Drop every picture. Return the rest of the entries exactly.

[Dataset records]
-------------------------

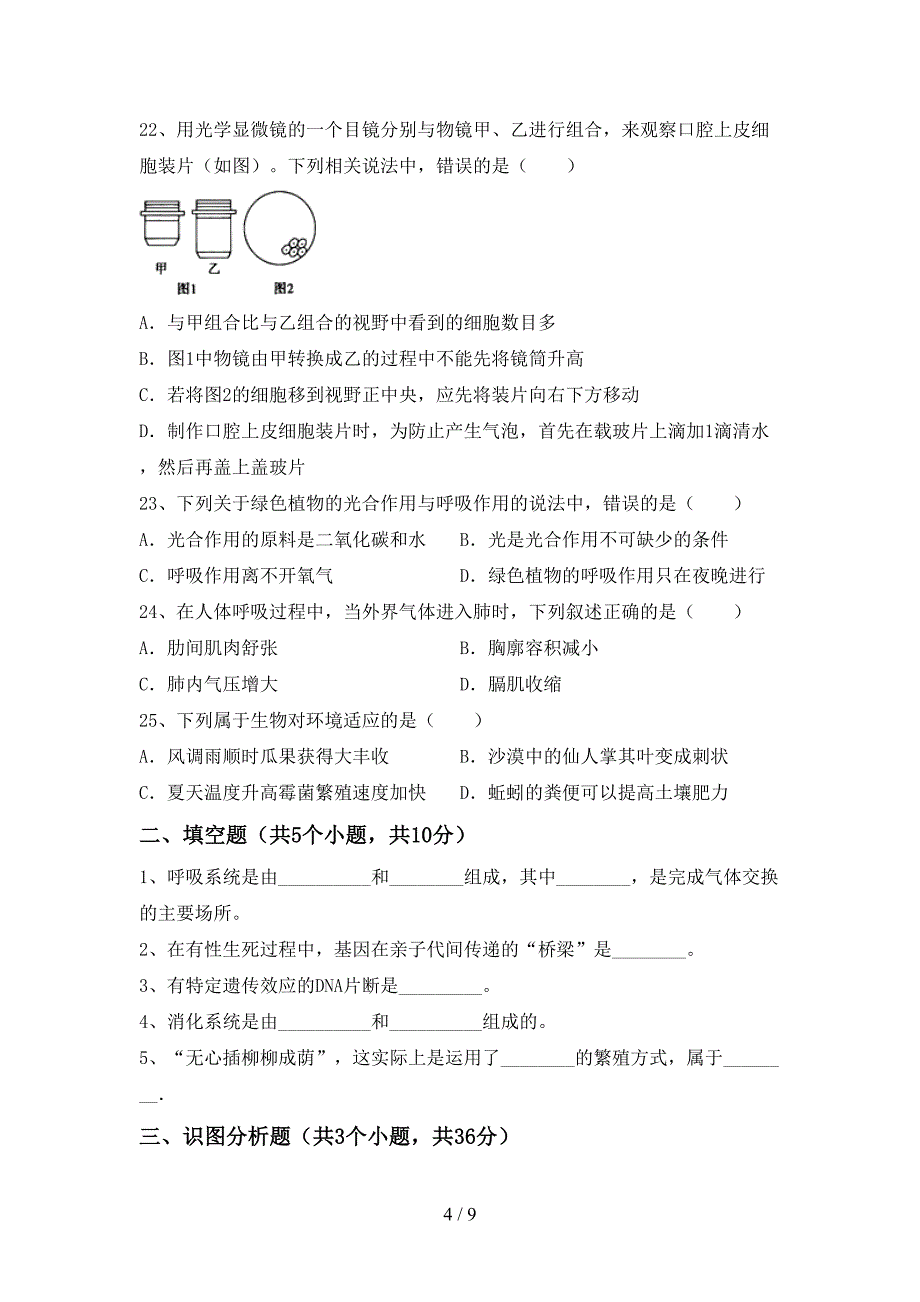 苏教版九年级《生物》上册期末试卷及答案【汇编】.doc_第4页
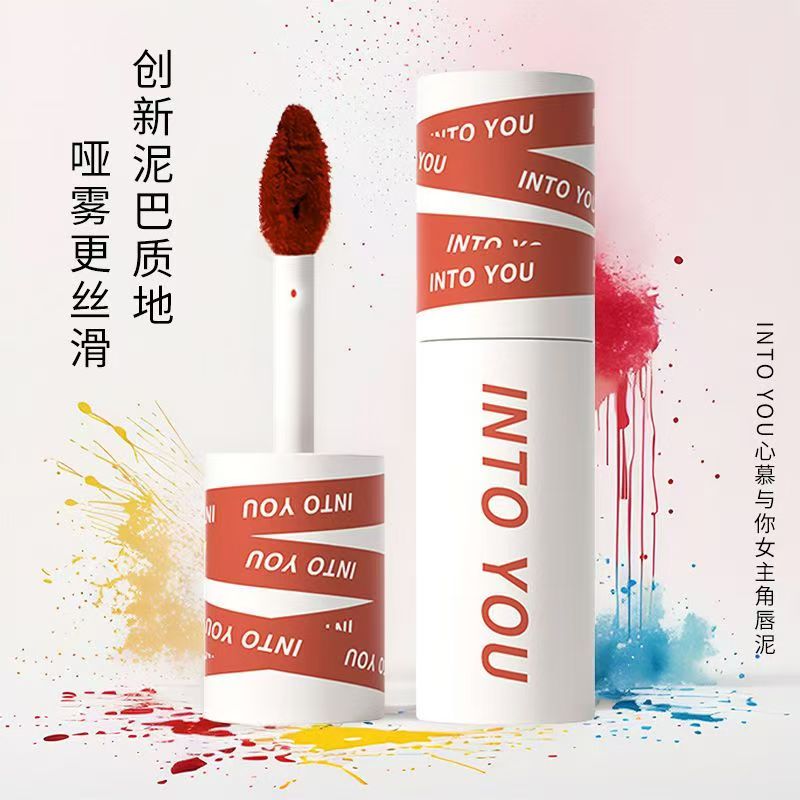 唇彩与口红：姐妹花般的存在，你get到了吗？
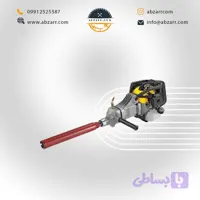 نمونه بردار بنزینی JCP 130 (( اقساط یک ساله ))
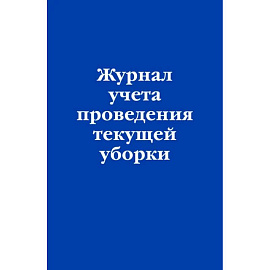 Журнал учета проведения текущей уборки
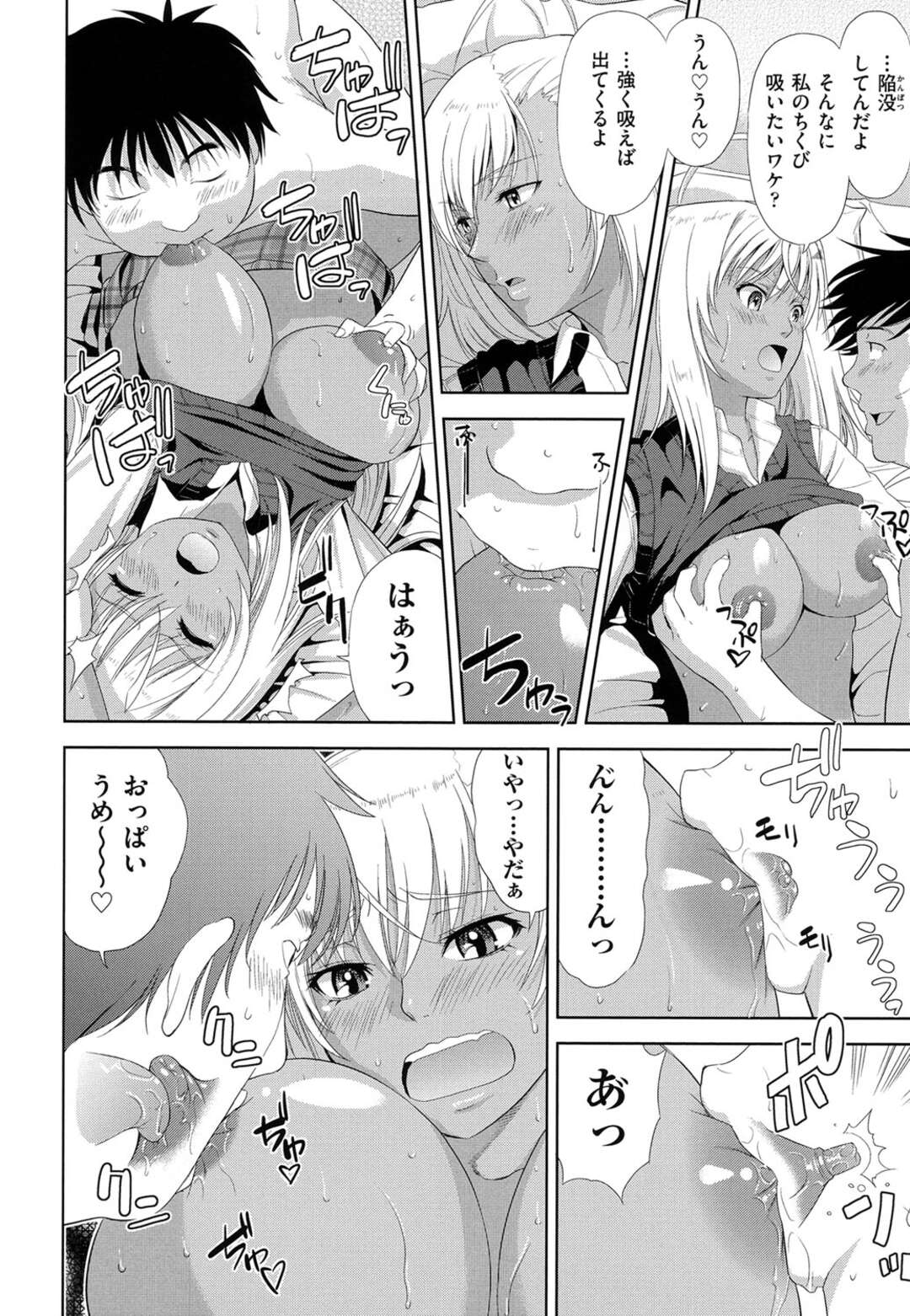 【エロ漫画】教室でいじめられている幼馴染に筆下ろししてほしいと頼まれる黒ギャルJK…放課後幼馴染の部屋で本心を聞くがそのまま下着を使い足コキをする！【たかのゆき：お手てつないで】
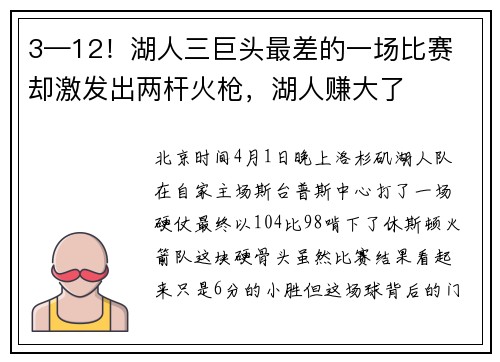 3—12！湖人三巨头最差的一场比赛 却激发出两杆火枪，湖人赚大了
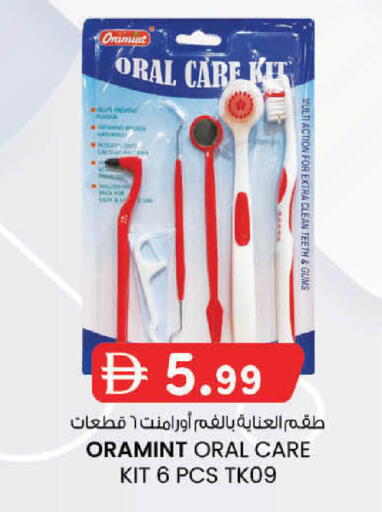 available at K.M Hypermarket in UAE - Abu Dhabi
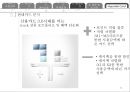 현대카드 내부.관계 마케팅 32페이지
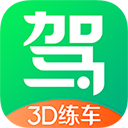 驾校一点通3D练车网页版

-------------------------

● **EXERCISE RESULT**:
 苏教版九年级《生物》上册期末试卷及答案【汇编】.doc_第4页
 唇彩与口红：姐妹花般的存在，你get到了吗？
 نمونه بردار بنزینی JCP 130 (( اقساط یک ساله ))
 Журнал учета проведения текущей уборки
 【エロ漫画】教室でいじめられている幼馴染に筆下ろししてほしいと頼まれる黒ギャルJK…放課後幼馴染の部屋で本心を聞くがそのまま下着を使い足コキをする！【たかのゆき：お手てつないで】
 3—12！湖人三巨头最差的一场比赛 却激发出两杆火枪，湖人赚大了
 available at K.M Hypermarket in UAE - Abu Dhabi
 현대카드 내부.관계 마케팅 32페이지
 驾校一点通3D练车网页版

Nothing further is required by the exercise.